After one grueling week in custody, they were brought before the police chief who instigated fear in them to renounce their new faith or face death according to the law. A statement of renunciation was made out and they were forced to sign it. But let it be clear that Abdou and his spiritual father only signed a denial on a mere piece of paper; they never renounced their new faith.
They came out of custody with a renewed spirit, counting themselves more worthy to continue their mission. It was like going to the bottom of hell, being hit first by Satan, thereby creating a condition for God to claim indemnity. The exertion of human will is powerless without the knowledge to apply that will. Abdou and his spiritual father already had this knowledge from the D.P. and so, to exert the will became easy.

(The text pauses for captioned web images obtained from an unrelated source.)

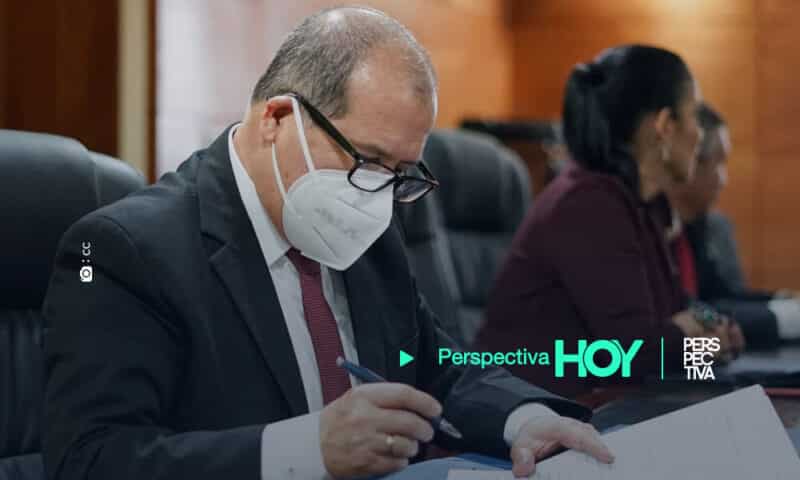 Néster Vásquez y Claudia Paniagua toman posesión como magistrados de la CC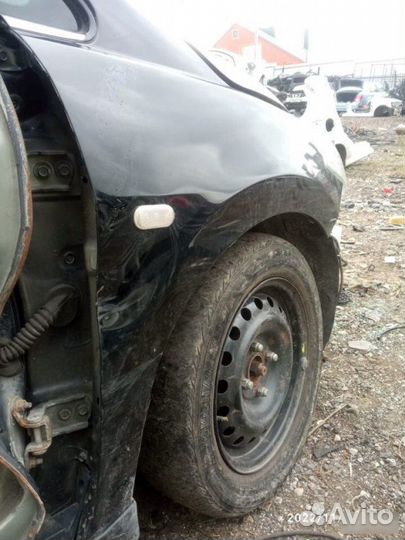 Крыло переднее правое Nissan Tiida C11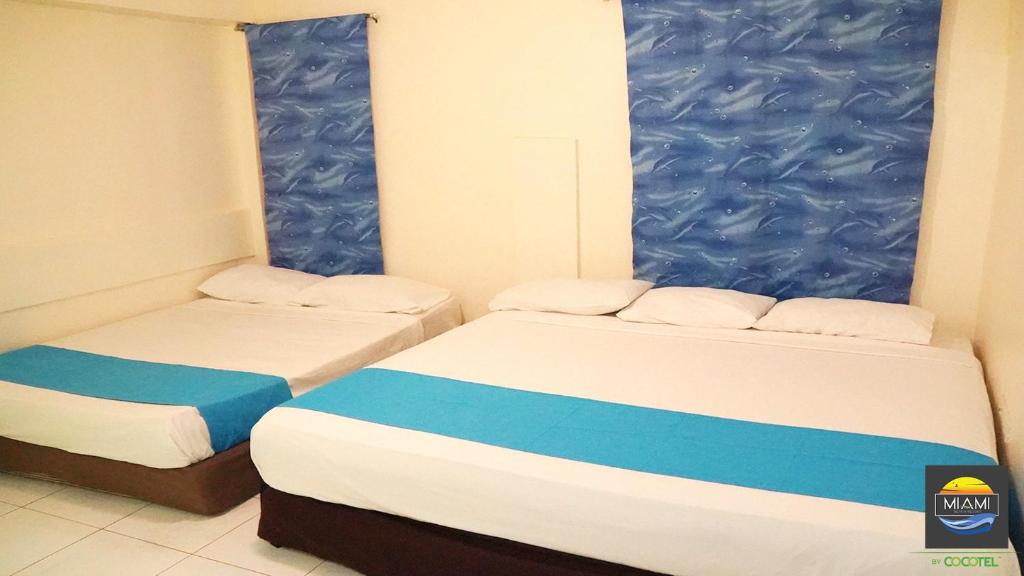 Miami Heat Beach Resort - Family Room
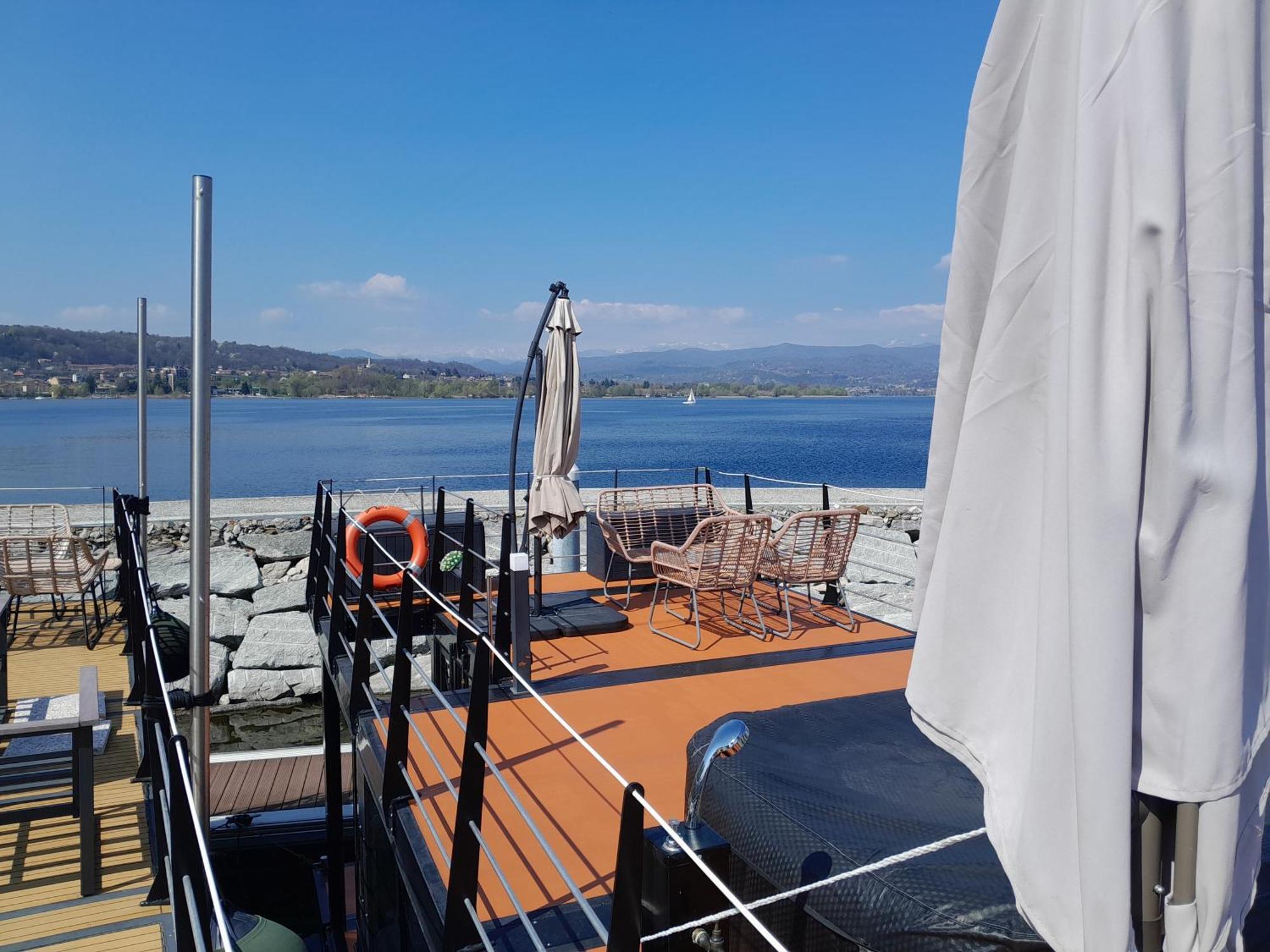 Floating Experience Black Pearl, Lago Maggiore Dormelletto Eksteriør billede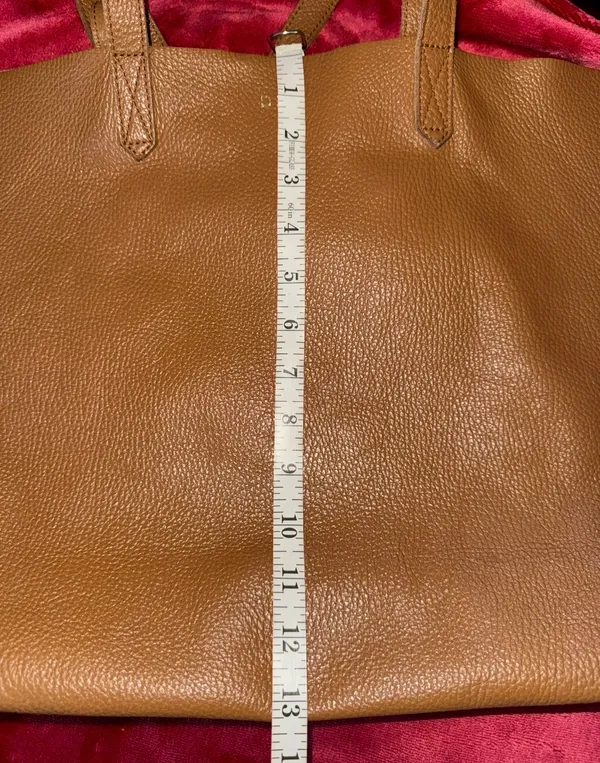 Cuyana large bag tote camel color - Image 6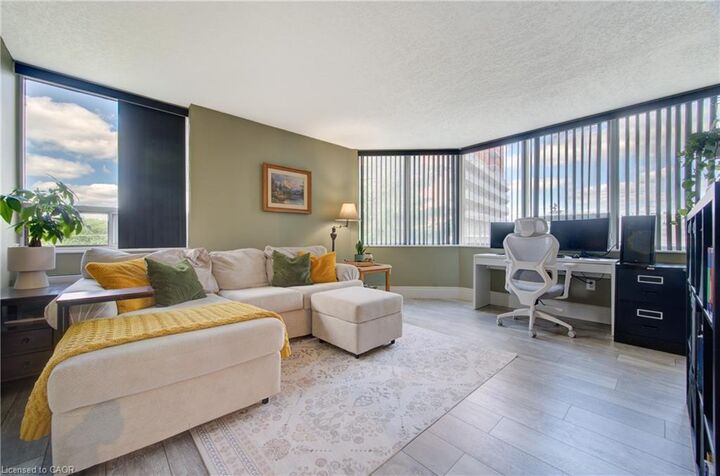 Property Photo: 3227 King Street E 409 ON N2A 3Z9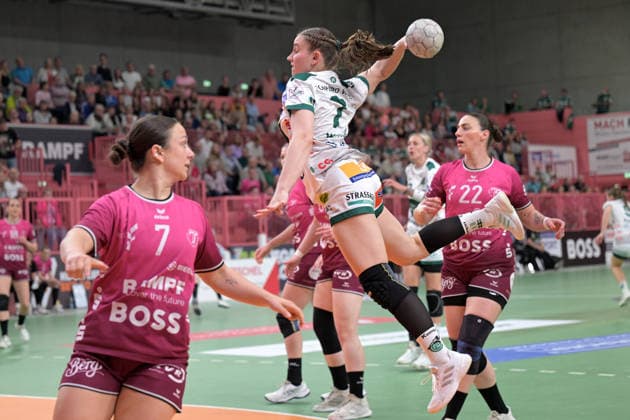 Lea Watzl (FrischAuf Goeppingen, 07) beim Wurf Tor TusSies Metzingen vs. FrischAuf Goeppingen , Handball, Alsco HBF, 2. Play-Off Ligaspieltag, Saison 2025 2026, 25.04.2026 TusSies Metzingen vs. FrischAuf Goeppingen , Handball, Alsco HBF, 2. Play-Off Ligaspieltag, Saison 2025 2026, 25.04.2026 Tuebingen Copyright: xEibner-Pressefoto TobiasxBaurx EP_TBR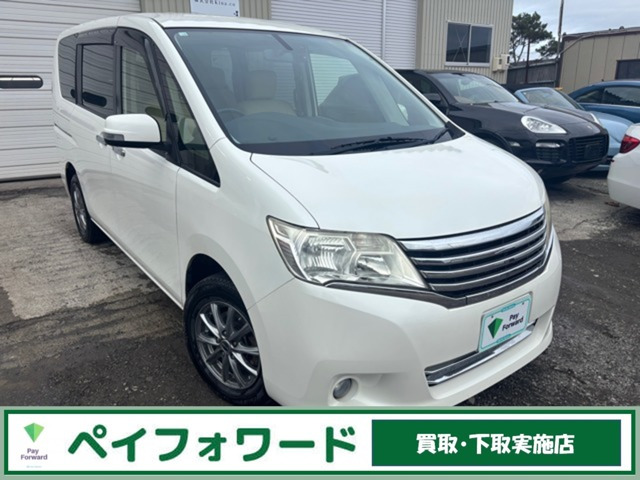 ランディ2.0 G 4WD社外ナビ 後席フリップダウンモニター 両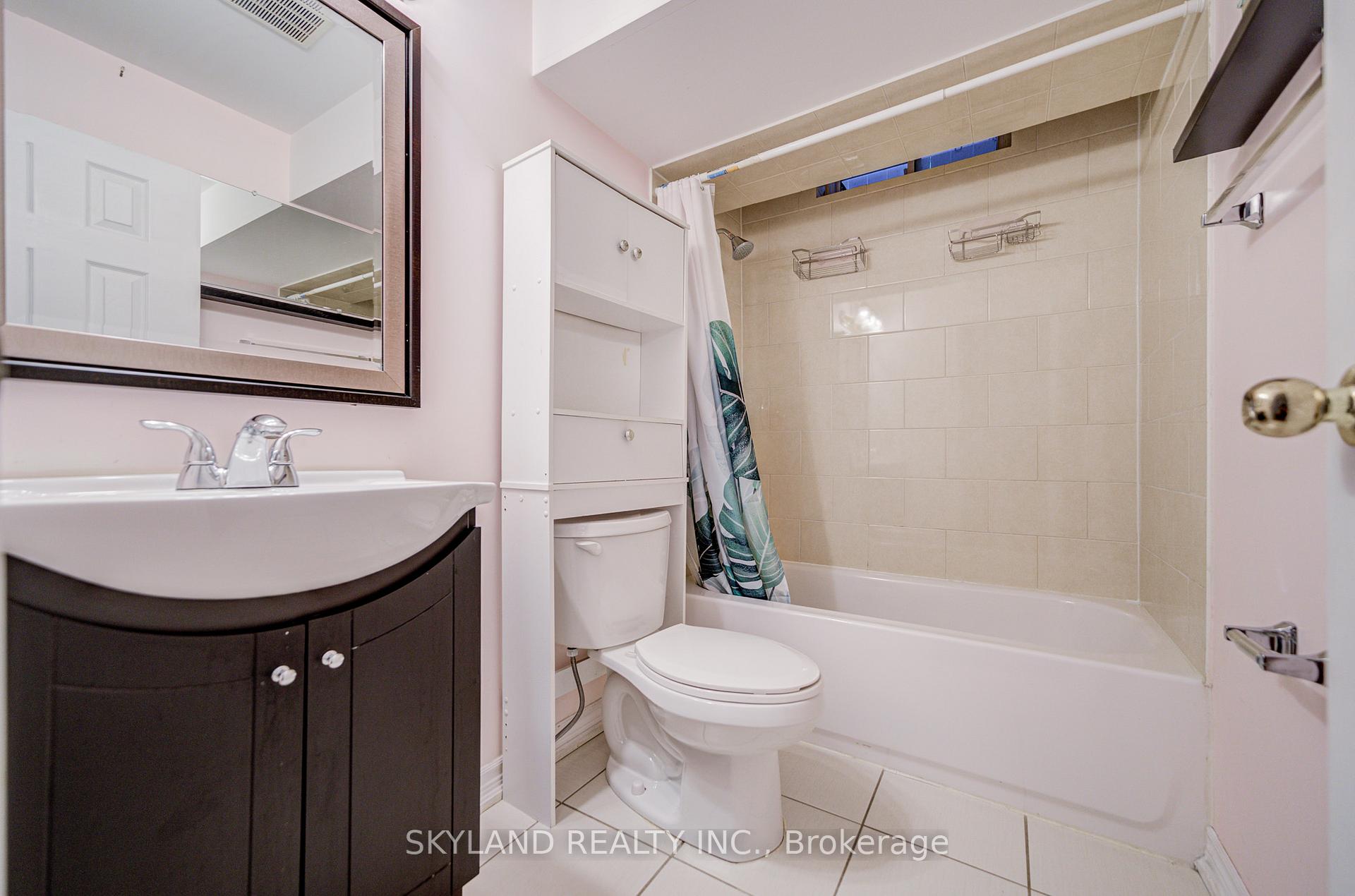Photo 46 of 78 Monteith Crescent, Vaughan, Maple — HOMEH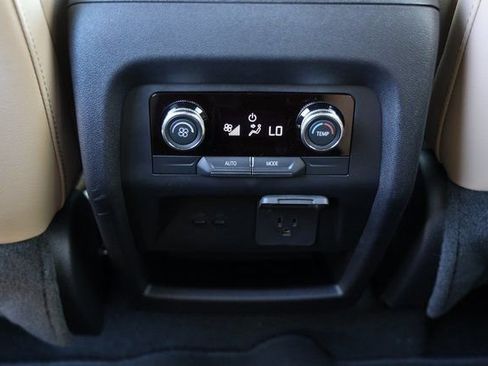 New 2026 Buick Enclave Preferred w/ Power Package image 27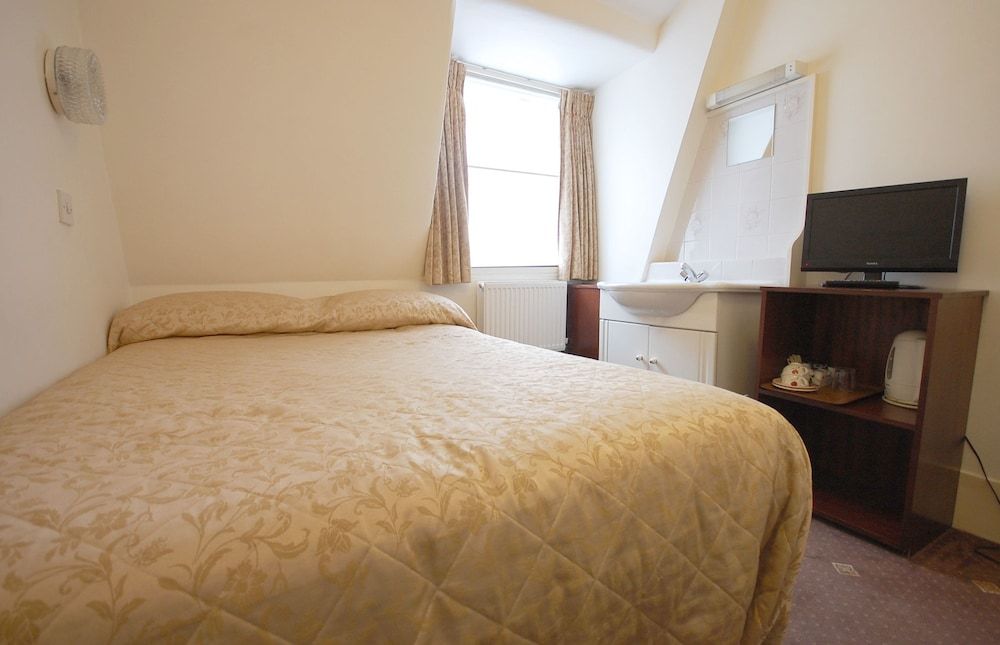 Jesmond Hotel Standard Double Room, Shared Bathroom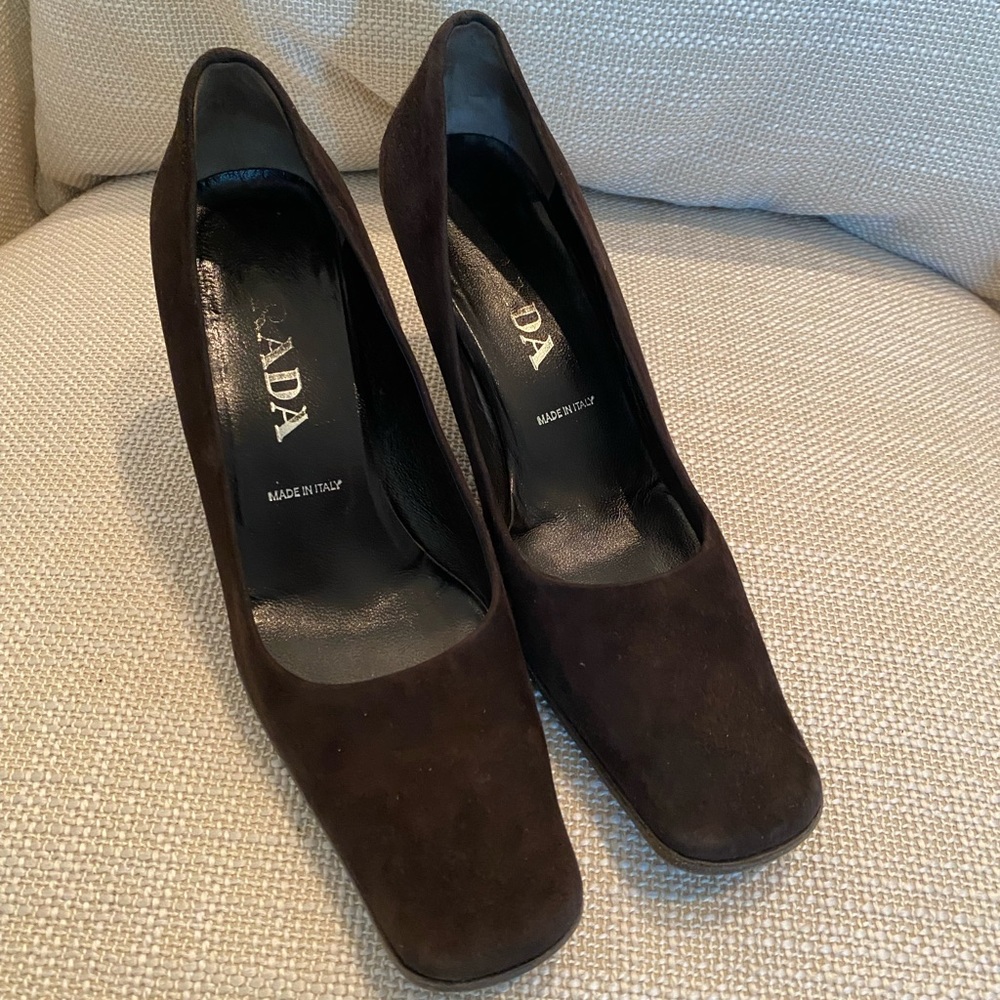 Prada Brown Suede Square Toe w Unique Heel Pump / Womens Size 8 - Picture 2 of 13
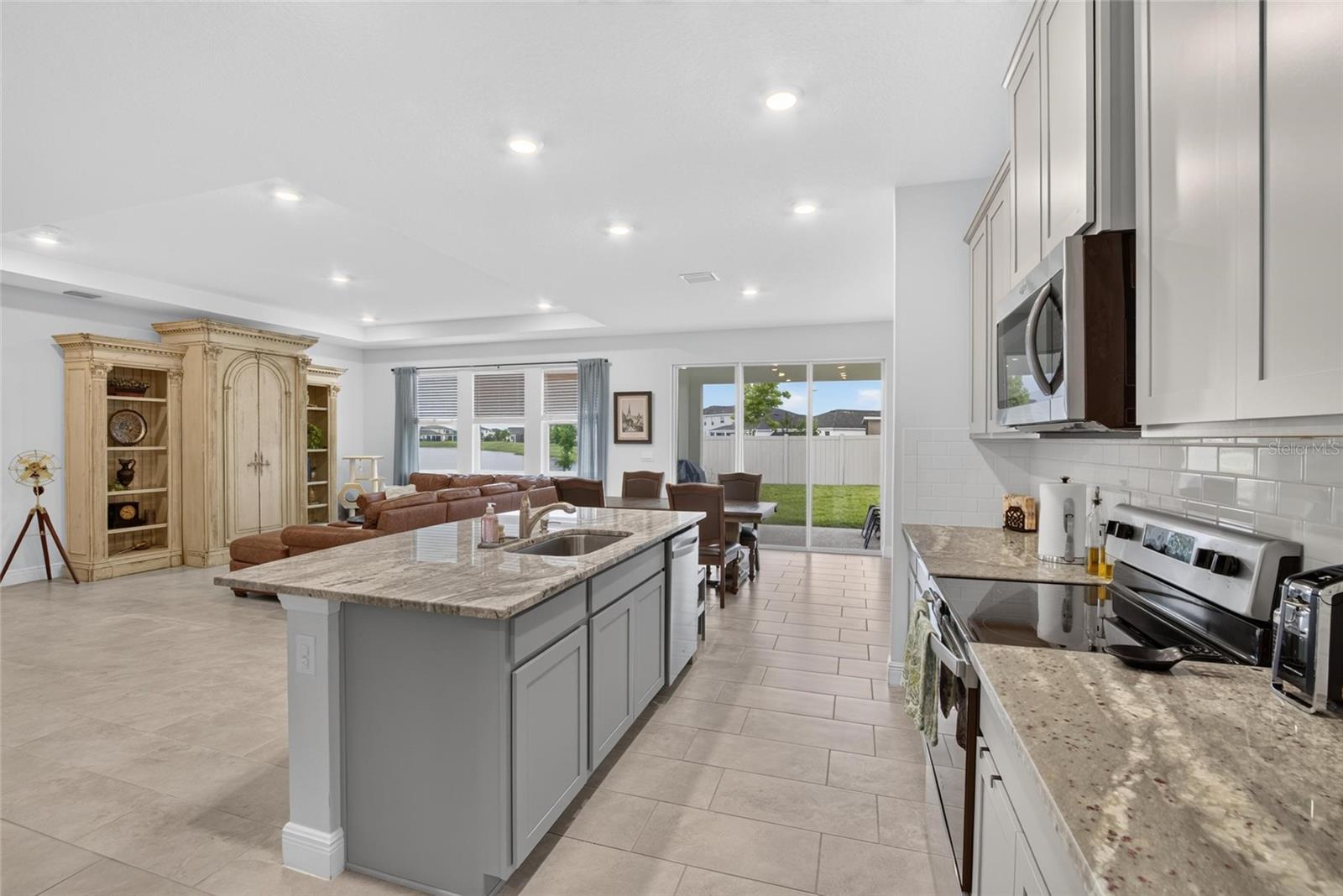 5633 HAWKS CAY ST — photo 14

In 1983, Abdou and his spiritual father, now united strongly in their mission, went to Senegal to celebrate God’s Day. Senegal, a non-sectarian nation, has a stable mission. There they met Rev. David Hose who introduce them to Rev. Kwak. They were appointed later as missionaries to Mauritania by Rev. Kwak who saw their determination when he visited that country. With the financial support from the headquarters, they were able to focus well on their mission and continue their education.
Abdou and his spiritual father began an underground movement by first witnessing to their relatives. Abdou’s elder brother and two cousins, married and well versed in Islamic studies, joined the movement with great enthusiasm. The seriousness of his relatives helped the mission to grow later. Graduating the same year with his spiritual father, who immediately proceeded to the seminary, Abdou earned a Bachelor’s degree in French Literature and later a Master’s in African Literature at Dakar university in Senegal. His elder brother became the national leader until now when Abdou and his spiritual father left.
In 1989, a providential fortune spilled down when the Mauritanian government expelled blacks to Senegal and Mali due to racial problems. Many of the Mauritanian refugees received the D.P. and among them, 800 were blessed in 1995. And another 4,000 of them in Mali are being prepared for next blessing.
Abdou believes that leaving his country is like, “going for a period of preparation to come back with better spiritual ability to do the mission back home”. He came to the seminary in 1994 to prepare himself for the great task ahead. “I can feel True Parents’ spirit here always and walking on True Father’s trails, I feel inspired as I step on His footprints”, he said. He also concurs that the seminary is an international place that helps us go beyond our national and racial boundaries. Abdou will graduate this June. “If I have my way,” he said, “I would like to go back to my country one day because there is a lot to do there.” Blessed in 1992 to Mara from Cameroon, Abdou has twin boys.